*Image-text web data*:

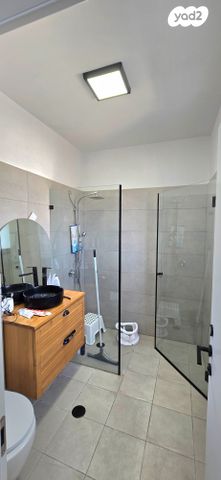 גג/ פנטהאוז, י"ד הבנים 7, כפר גנים ב, פתח תקווה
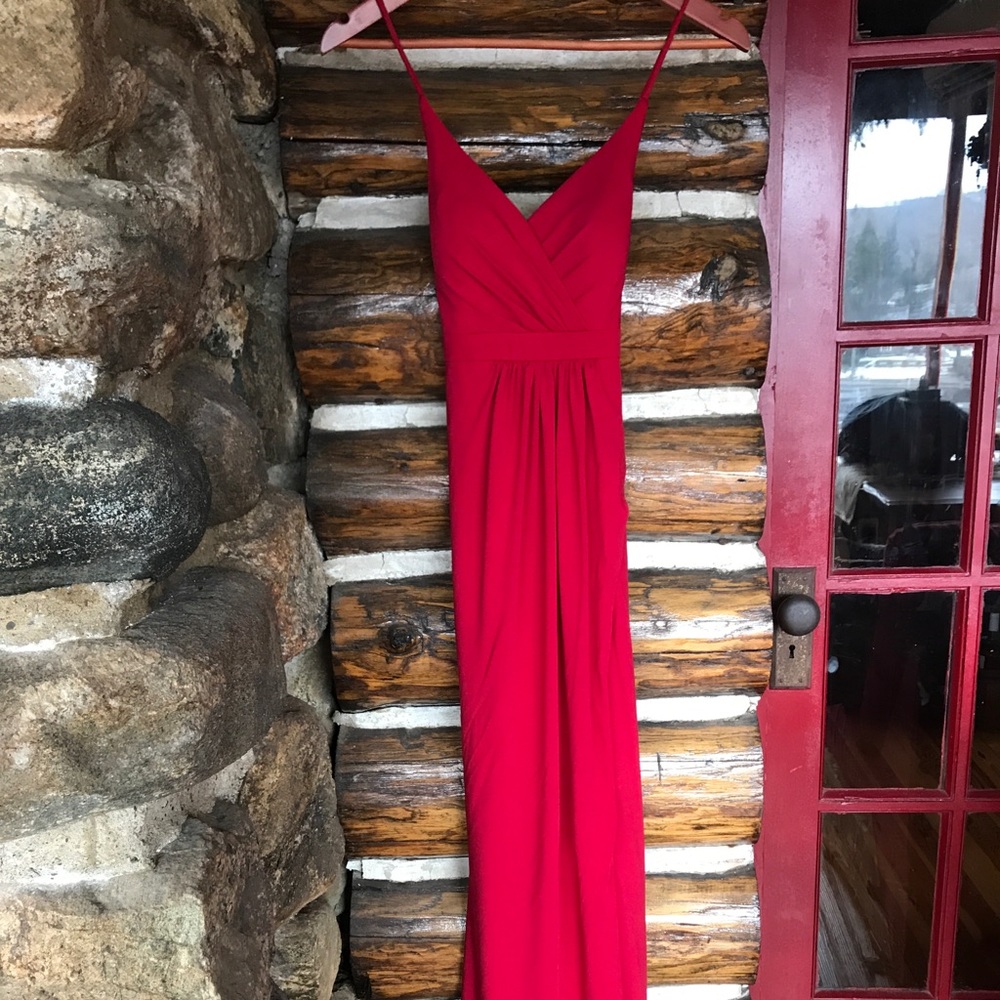 Stunning red evening gown 😍❤️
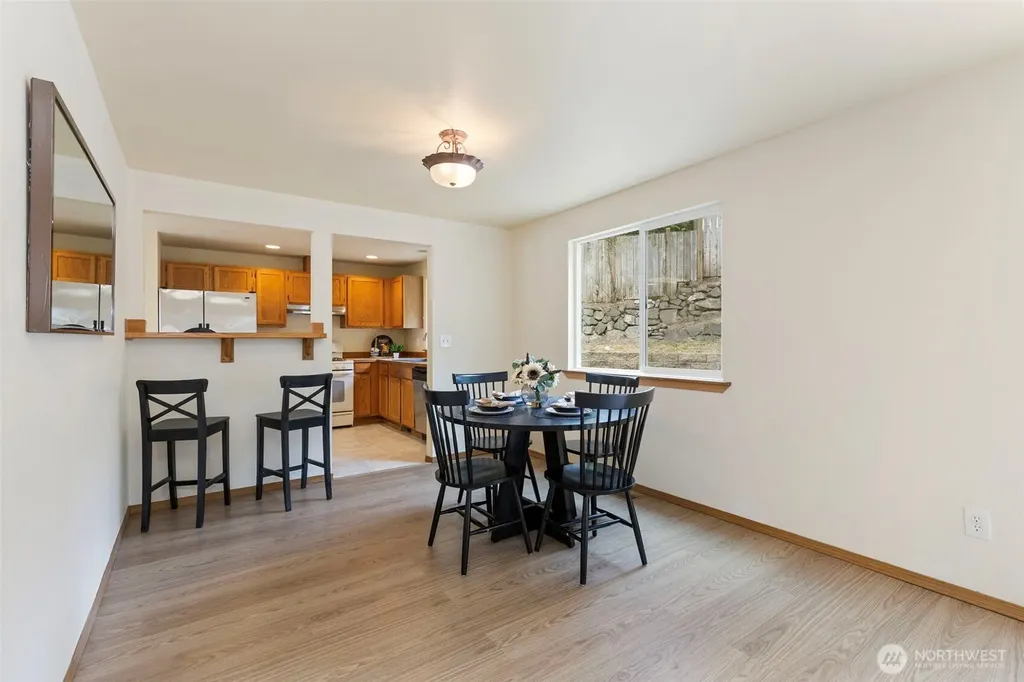 4557 NW Knute Anderson Road Silverdale WA 98383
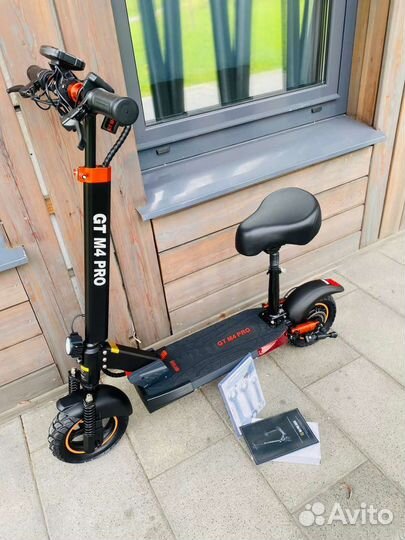 Электросамокат GT M4 pro с Аквозащитой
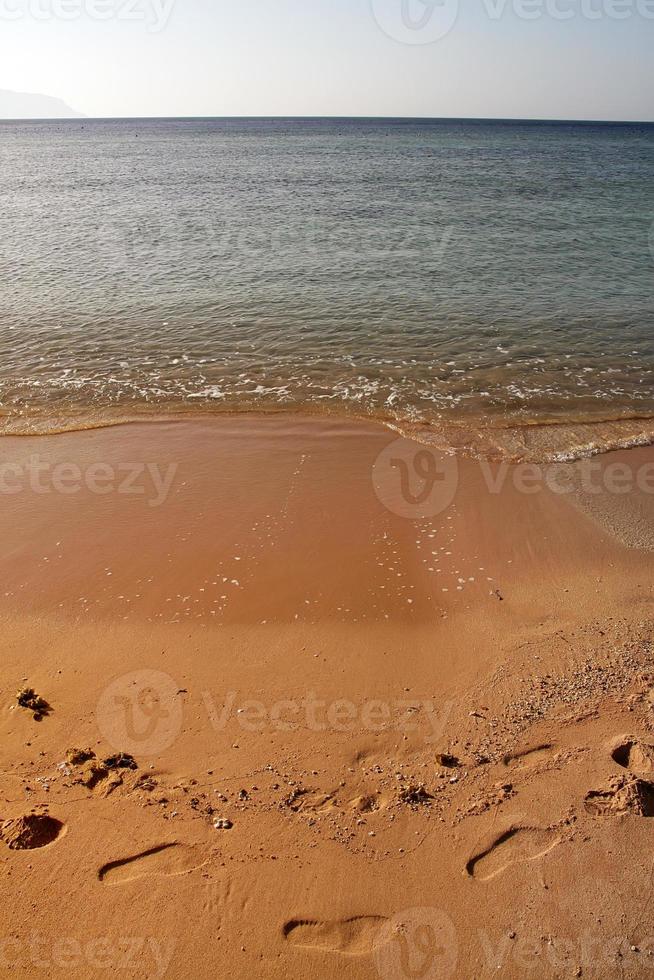 passi sulla spiaggia foto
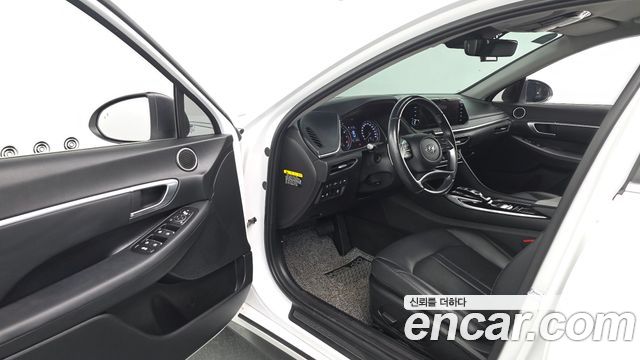 Hyundai Sonata 2020 — photo 13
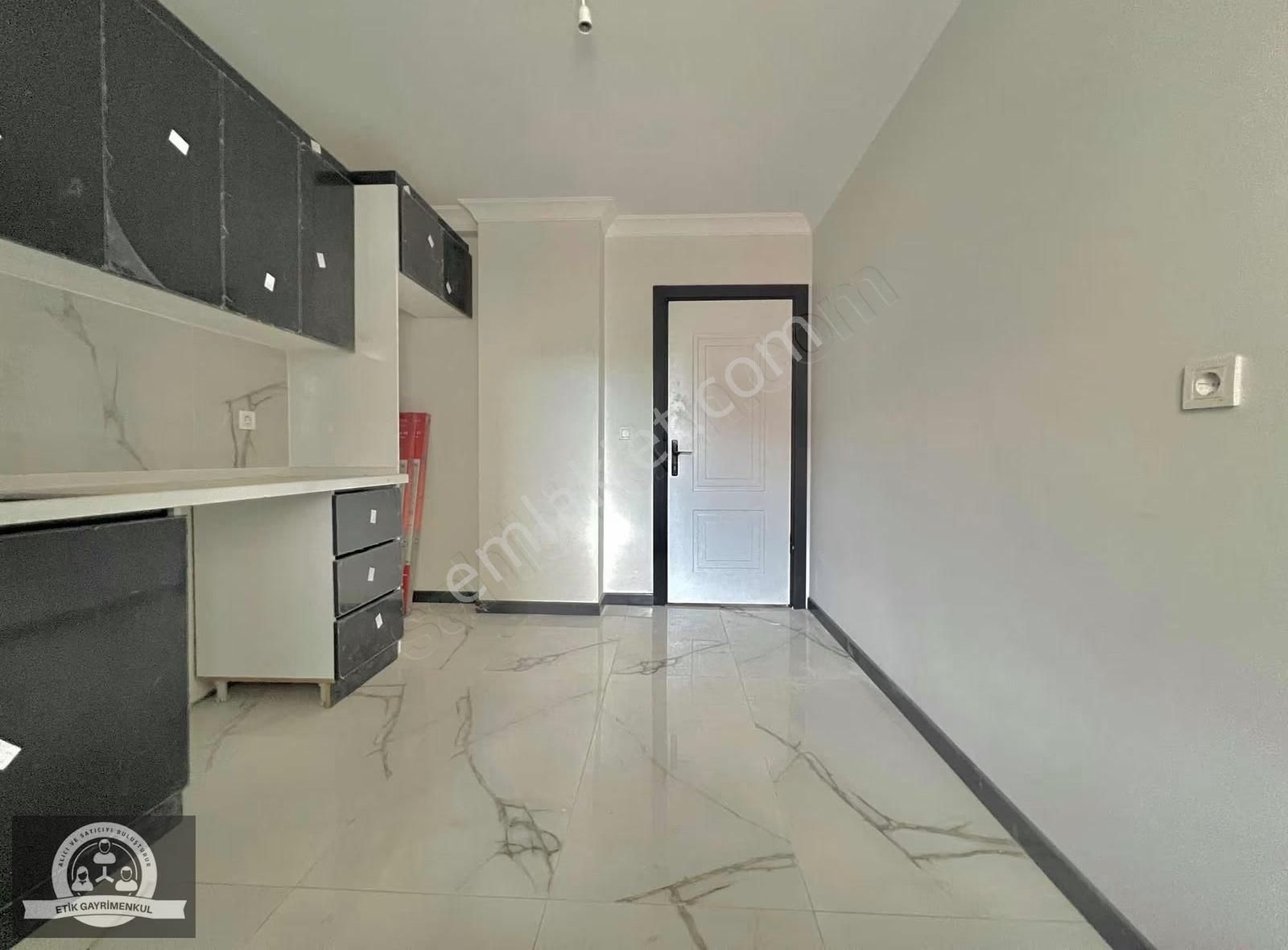 Adilde Eminev/fuzul/katılıma Uygun 4+1 Ters Dubleks Daire - Görsel 18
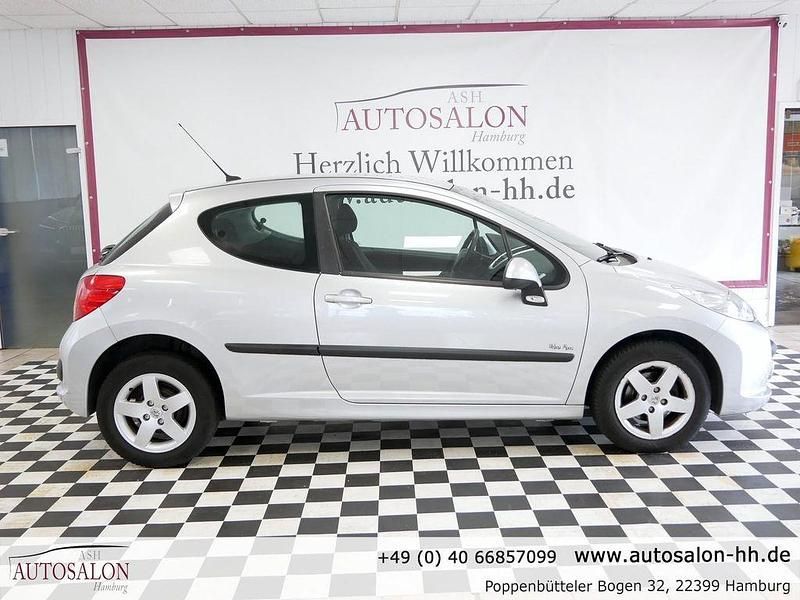 Gebraucht Peugeot 207 Urban Move 73 PS (53 kW) 2008 Aluminiumgrau Limousine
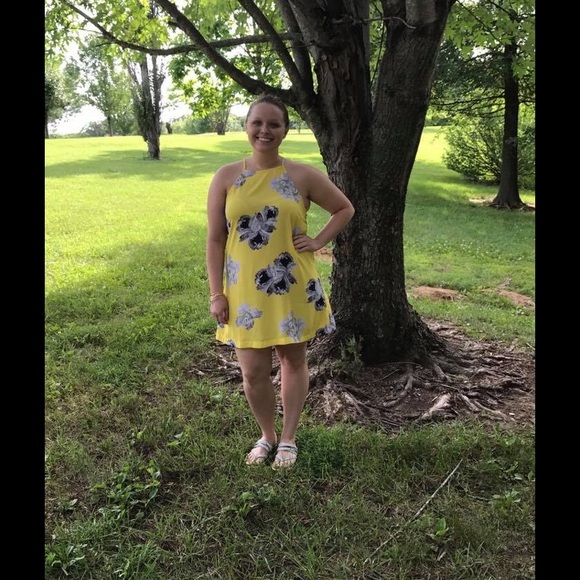 Meet your Posher, Kaitlin - Picture 2 of 8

*Instructions to follow*: Your copy should begin at the line containing "Hyundai Sonata 2020 — photo 13" and end at the last line of the data above, matching each line exactly and holding no pictures.

*Response*:
 Hyundai Sonata 2020 — photo 13
 Adilde Eminev/fuzul/katılıma Uygun 4+1 Ters Dubleks Daire - Görsel 18
 Gebraucht Peugeot 207 Urban Move 73 PS (53 kW) 2008 Aluminiumgrau Limousine
 Meet your Posher, Kaitlin - Picture 2 of 8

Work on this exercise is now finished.